Related Topics — Similar to Related Queries but at the topic level (Google Knowledge Graph entities rather than exact strings). More stable and semantically richer than query-level data.

Trending Now — Real-time trending searches updating approximately every 10 minutes, with associated search volume estimates and growth percentages. The only Trends data type that returns approximate search volumes rather than normalised indices.

ScrapeBadger's Google Trends endpoint sits within the same Google Scraper product family as the Search, Maps, Shopping, and News endpoints — one API key, unified billing, consistent response structure. The full documentation is at docs.scrapebadger.com.

python

import requests
import json

API_KEY = "your_scrapebadger_key"
BASE_URL = "https://api.scrapebadger.com/v1/google/trends"
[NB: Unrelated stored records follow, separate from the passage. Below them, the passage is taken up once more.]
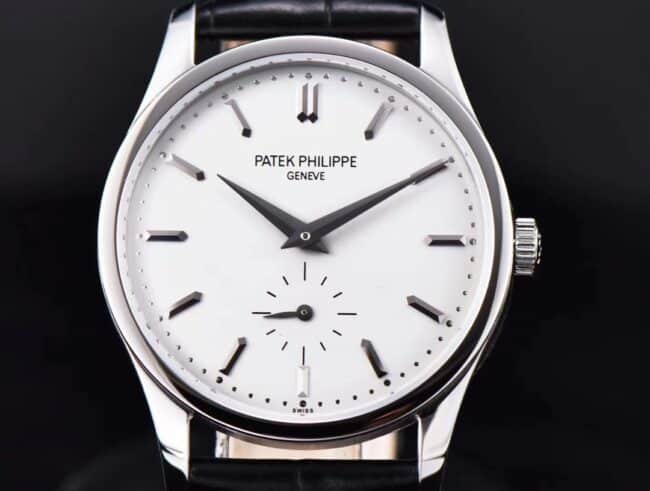 top-tiersuper clonePatek Philippe White Steel Classic Reappears New Classic Watch Series 5196G Formal Watch King Makes Shocking Debut Front View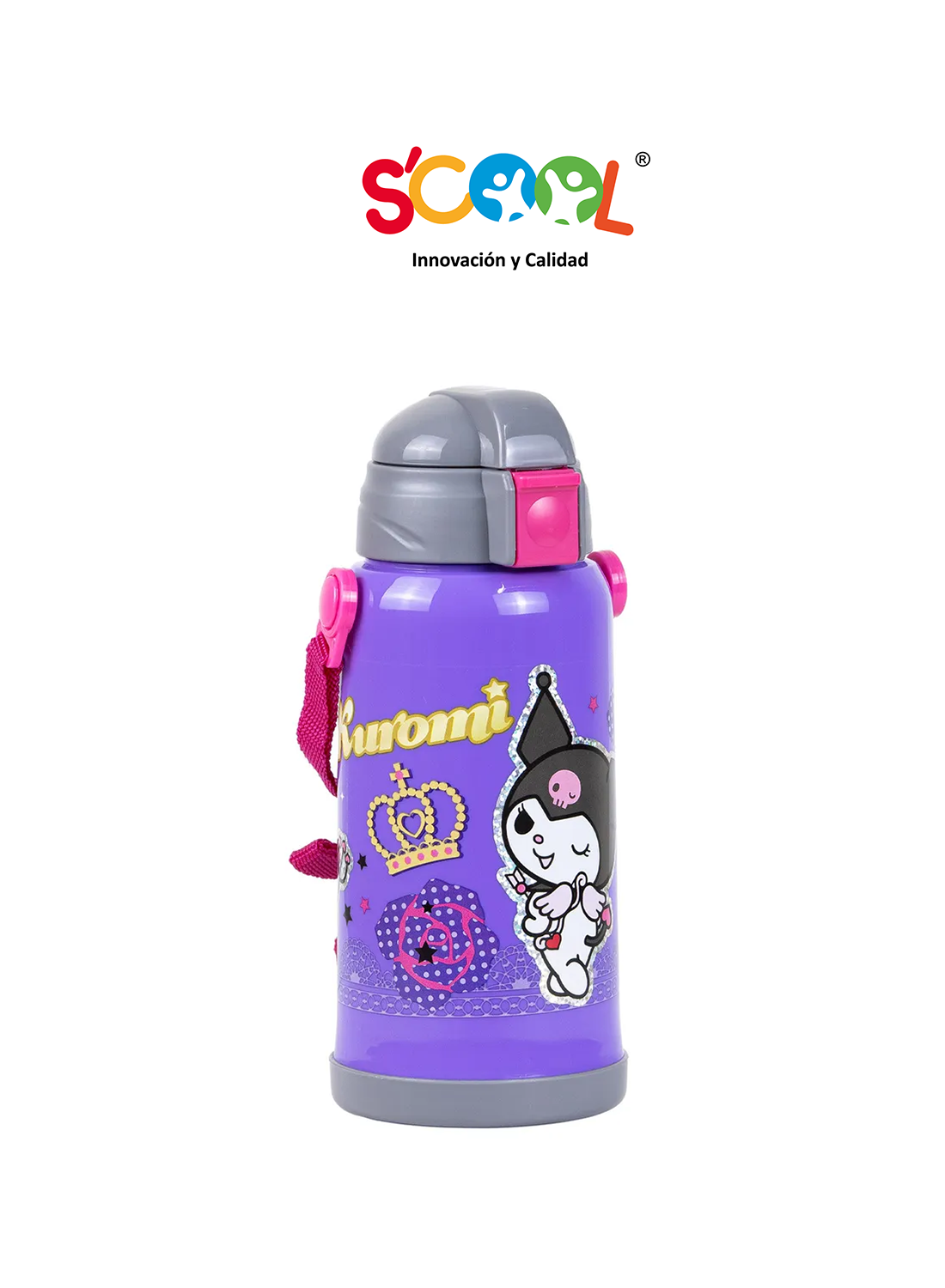 Botella Pp Termica Con Caña 300Ml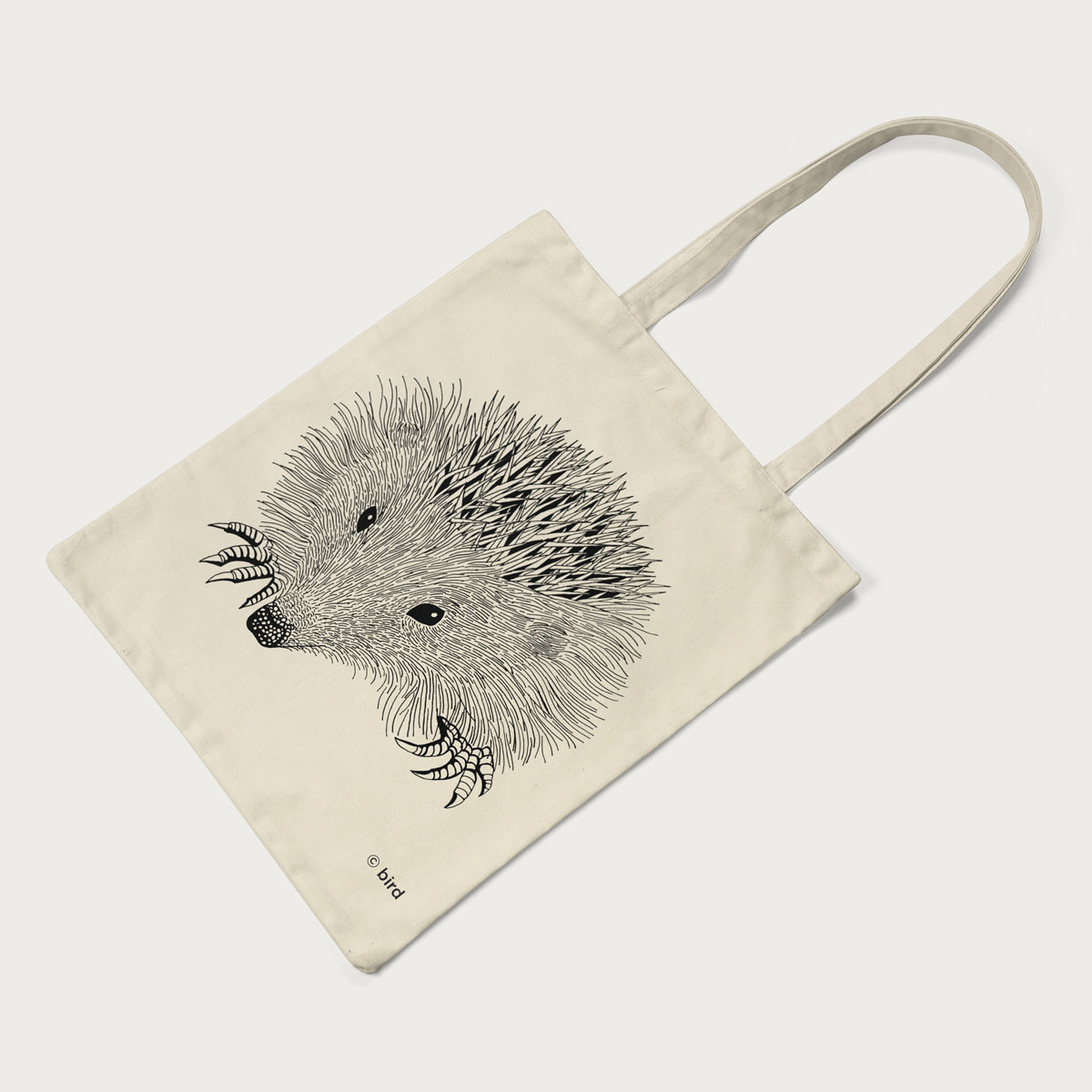 Hedgehog Screen Printed Cotton Tote Bag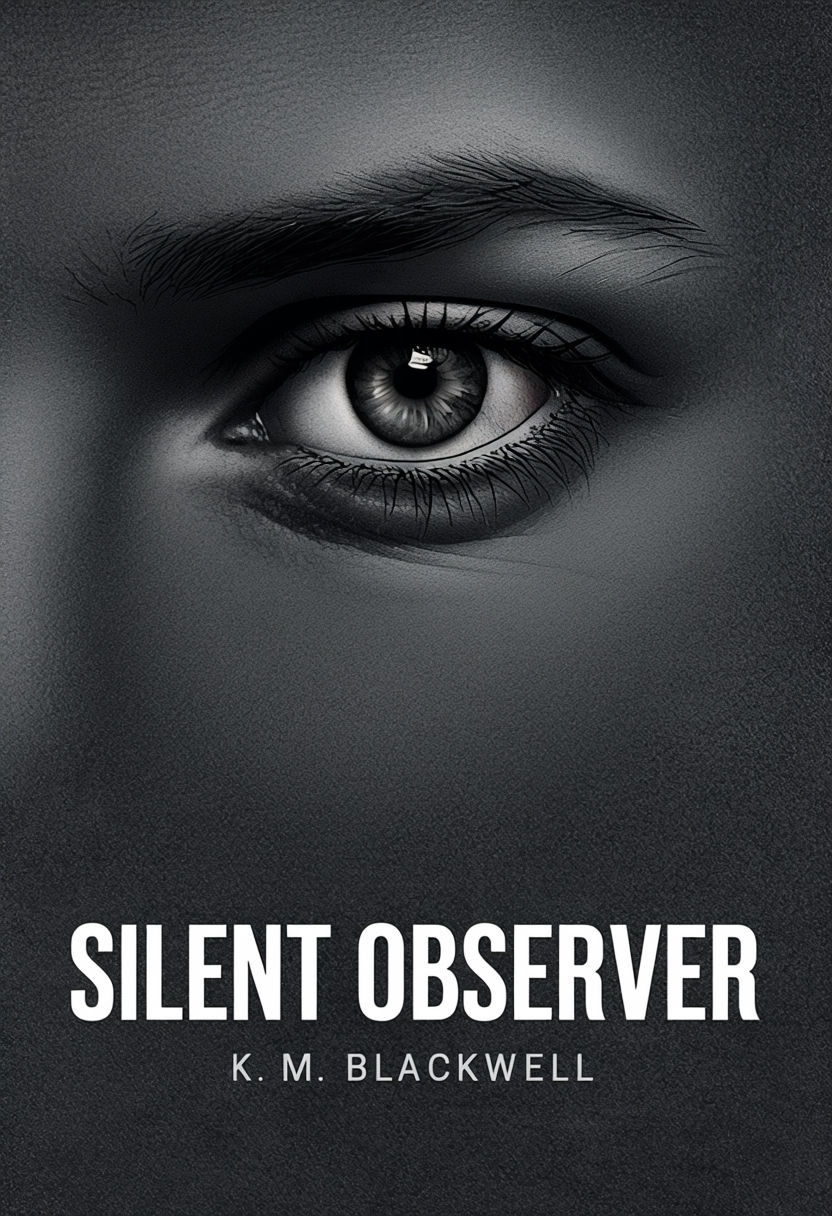 Silent Observer Eye Catching Thriller Logo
def get_trends_interest_over_time(
    keywords: list[str],
    timeframe: str = "today 12-m",
    geo: str = "",  # "" = worldwide, "US", "GB", "DE-BY" etc.
    category: int = 0,  # 0 = all categories
    gprop: str = "",  # "" = web search, "youtube", "news", "images", "froogle"
) -> dict:
    """
    Get interest over time for 1–5 keywords.
    Keywords are compared against each other on a normalised 0-100 scale.
    """
    response = requests.get(
        f"{BASE_URL}/interest_over_time",
        headers={"X-API-Key": API_KEY},
        params={
            "q": ",".join(keywords),  # Comma-separated for multi-keyword comparison
            "date": timeframe,
            "geo": geo,
            "cat": category,
            "gprop": gprop,
        }
    )
    return response.json()


# Example: compare two competing keywords
data = get_trends_interest_over_time(
    keywords=["web scraping api", "data extraction api"],
    timeframe="today 12-m",
    geo="US"
)

# Parse the timeline
timeline = data.get("interest_over_time", {}).get("timeline_data", [])
for week in timeline[-8:]:  # Last 8 weeks
    date = week.get("date")
    values = {v["query"]: v["extracted_value"] for v in week.get("values", [])}
    print(f"{date}: {values}")

The response structure:

json

{
  "interest_over_time": {
    "timeline_data": [
      {
        "date": "Apr 6 – 12, 2026",
        "timestamp": "1743897600",
        "values": [
          {"query": "web scraping api", "value": "52", "extracted_value": 52},
          {"query": "data extraction api", "value": "18", "extracted_value": 18}
        ],
        "has_data": [true, true]
      }
    ]
  }
}

Rising queries are where the real intelligence lies. A keyword appearing as a breakout rising query against your seed term is a demand signal before it shows up in any keyword tool's search volume data.

python

def get_related_queries(
    keyword: str,
    timeframe: str = "today 12-m",
    geo: str = "",
) -> dict:
    """
    Get top and rising related queries for a keyword.
    Rising queries indicate where demand is heading.
    """
    response = requests.get(
        f"{BASE_URL}/related_queries",
        headers={"X-API-Key": API_KEY},
        params={
            "q": keyword,
            "date": timeframe,
            "geo": geo,
        }
    )

    data = response.json()
    related = data.get("related_queries", {})

    return {
        "top_queries": [
            {
                "query": q.get("query"),
                "value": q.get("extracted_value"),
            }
            for q in related.get("top", {}).get("ranked_list", [])
        ],
        "rising_queries": [
            {
                "query": q.get("query"),
                "value": q.get("extracted_value"),  # % increase; "Breakout" = 5000%+
                "is_breakout": q.get("value") == "Breakout",
            }
            for q in related.get("rising", {}).get("ranked_list", [])
        ],
    }


# Find what's rising around a topic
queries = get_related_queries("AI agents", geo="US")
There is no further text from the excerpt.